Just like torch.rsample(), we are returned a random sample, however now it has been named. Pyro's backend uses these names to uniquely identify variables and update them at runtime depending on how the enclosing stochastic function is being used. Now we can re-write the function:

In [41]:

def weather () :
    cloudy = pyro.sample("cloudy", pyro.distributions.Bernoulli(0.3))
    cloudy = 'cloudy' if cloudy.item() == 1.0 else 'sunny'
    mean_temp = {'cloudy': 55.0, 'sunny': 75.0}[cloudy]
    scale_temp = {'cloudy': 10.0, 'sunny': 15.0}[cloudy]
    temp = pyro.sample("temp", pyro.distributions.Normal(mean_temp, scale_temp))
    return cloudy, temp.item()

weather()

Out[41]:

('sunny', 81.04468536376953)

More¶

In [42]:

def ice_cream_sales():
    cloudy, temp = weather()
    expected_sales = 200. if cloudy == 'sunny' and temp > 80.0 else 50.
    ice_cream = pyro.sample('ice_cream', pyro.distributions.Normal(expected_sales, 10.0))
    return ice_cream

ice_cream_sales()

Out[42]:

tensor(63.9332)

In [75]:

# count number of failures until a success: example of nondeterministically stopping recursion
def geometric(p, t=None):
    if t is None:
        t = 0
    x = pyro.sample("x_{}".format(t), pyro.distributions.Bernoulli(p))
    if x.item() == 1:
        return 0
    else:
        return 1 + geometric(p, t + 1)

print(geometric(0.1))

Introduction to Inference with Pyro¶

In [88]:

import matplotlib.pyplot as plt
import numpy as np
import torch

import pyro
import pyro.infer
import pyro.optim
import pyro.distributions as dist

from torch.distributions import constraints # for constraining parameters

pyro.set_rng_seed(101)

We are trying to compensate for for the variability in in a scale by integrating the noisy measurement information with a guess based on some prior knowledge of the object being weighed.

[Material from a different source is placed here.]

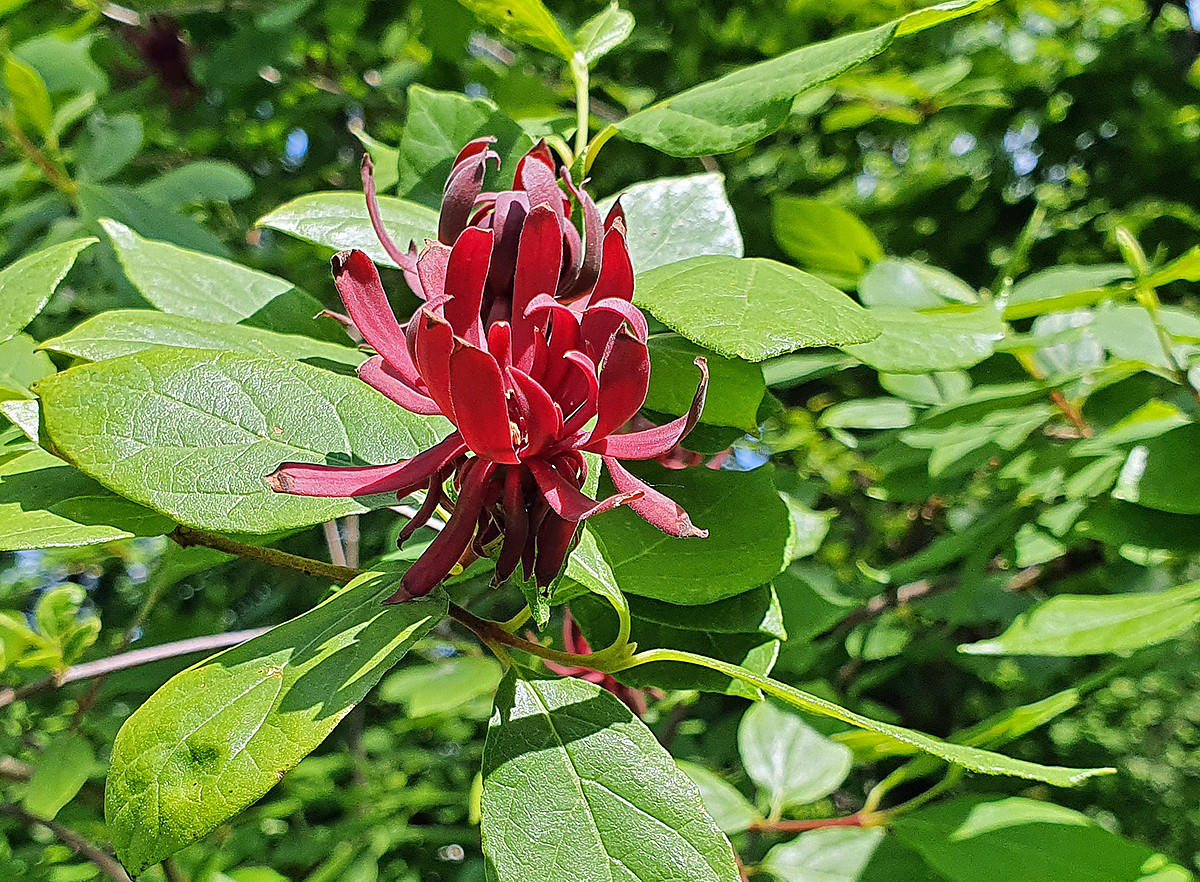 Calycanthus UG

$$ weight | guess \sim N(guess, 1) $$$$ measurement | guess, weight \sim N(weight, 0.75) $$

This corresponds to the following stochastic function:

In [80]:

def scale(guess):
    weight = pyro.sample("weight", dist.Normal(guess, 1.0))
    return pyro.sample("measurement", dist.Normal(weight, 0.75))

In [82]:

conditioned_scale = pyro.condition(scale, data={"measurement": 9.5})

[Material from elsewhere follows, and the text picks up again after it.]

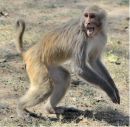 angry_monkey.jpg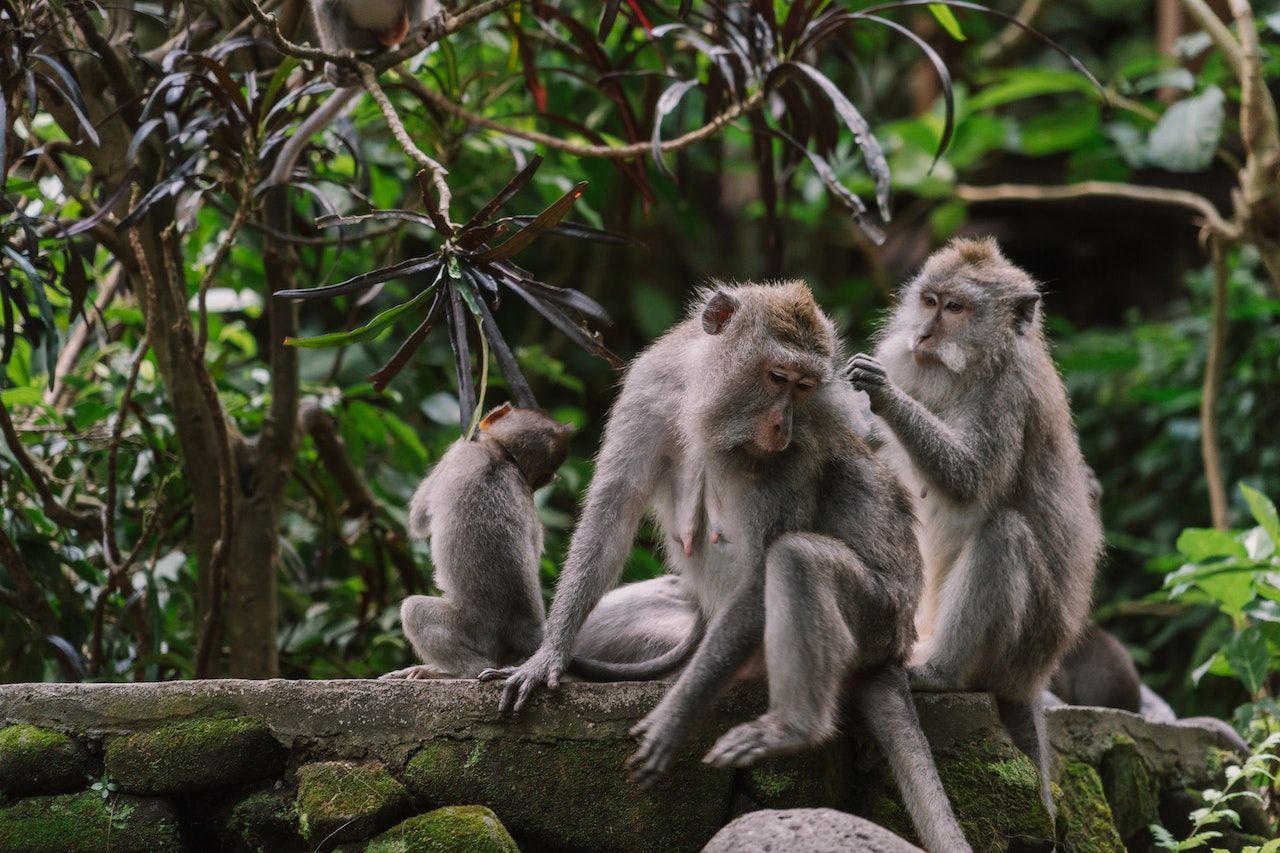 monkeys at monkey forest ubud.jpg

In some cases it might be more convenient to pass observations directly to individual pyro.sample statements instead of using pyro.condition. The optional obs keyword argument is reserved by pyro.sample for that purpose.

In [90]:

def scale_obs(guess):  # equivalent to conditioned_scale above
    weight = pyro.sample("weight", dist.Normal(guess, 1.))
     # here we condition on measurement == 9.5
    return pyro.sample("measurement", dist.Normal(weight, 0.75), obs=9.5)

Now that we have conditioned on an observation of measurement, we can use Pyro's approximate inference algorithms to estimate a distribution over weight given guess and measurement==data.

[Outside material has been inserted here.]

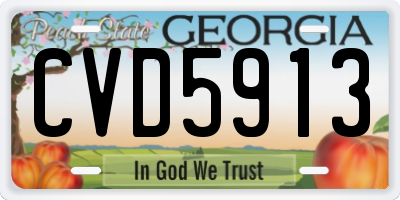 GA license plate CVD5913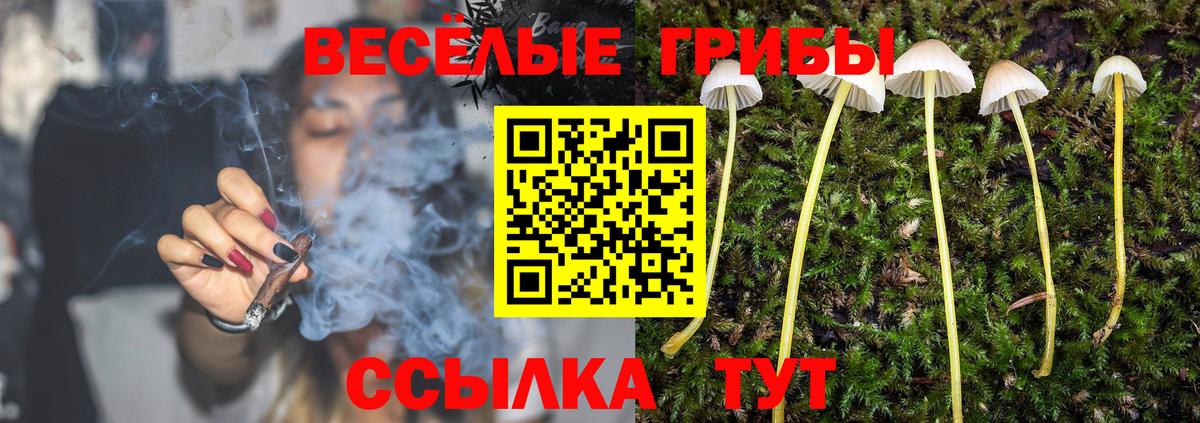 Боровичи  Псилоцибиновые грибы Psilocybine cubensis  Вход с VPN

Inference algorithms in Pyro, such as pyro.infer.SVI, allow us to use arbitrary stochastic functions, which we will call guide functions or guides, as approximate posterior distributions. Guide functions must satisfy these two criteria to be valid approximations for a particular model: 1. all unobserved (i.e., not conditioned) sample statements that appear in the model appear in the guide. 2. the guide has the same input signature as the model (i.e., takes the same arguments)

Guide functions can serve as programmable, data-dependent proposal distributions for importance sampling, rejection sampling, sequential Monte Carlo, MCMC, and independent Metropolis-Hastings, and as variational distributions or inference networks for stochastic variational inference. Currently, importance sampling, MCMC, and stochastic variational inference are implemented in Pyro, and we plan to add other algorithms in the future.

In [83]:

def perfect_guide(guess):
    loc =(0.75**2 * guess + 9.5) / (1 + 0.75**2) # 9.14
    scale = np.sqrt(0.75**2/(1 + 0.75**2)) # 0.6
    return pyro.sample("weight", dist.Normal(loc, scale))

Parametrized Stochastic Functions and Variational Inference¶

Usually the posterior is intractable, what we can do instead is use the top-level function pyro.param to specify a family of guides indexed by named parameters, and search for the member of that family that is the best approximation according to some loss function. This approach to approximate posterior inference is called variational inference.

In [84]:

# we parametize a and b instead of specifying them by hand:
def scale_parametrized_guide(guess):
    a = pyro.param("a", torch.tensor(guess))
    b = pyro.param("b", torch.tensor(1.))
    return pyro.sample("weight", dist.Normal(a, torch.abs(b)))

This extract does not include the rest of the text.